**** Supplied material

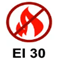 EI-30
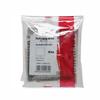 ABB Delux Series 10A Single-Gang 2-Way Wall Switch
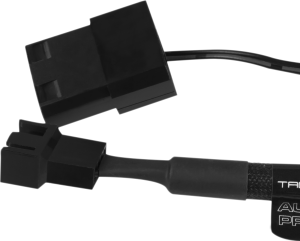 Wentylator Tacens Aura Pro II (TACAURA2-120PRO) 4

********
**** Supplied material

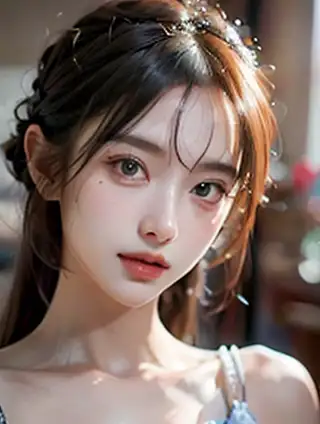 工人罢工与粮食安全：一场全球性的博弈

********

- [What to do] Take only the lines above from the one that has "ABB Delux Series" through the one that has "Wentylator Tacens Aura" and reproduce them exactly, omitting any pictures.

- [Exercise output]
 ABB Delux Series 10A Single-Gang 2-Way Wall Switch
 Wentylator Tacens Aura Pro II (TACAURA2-120PRO) 4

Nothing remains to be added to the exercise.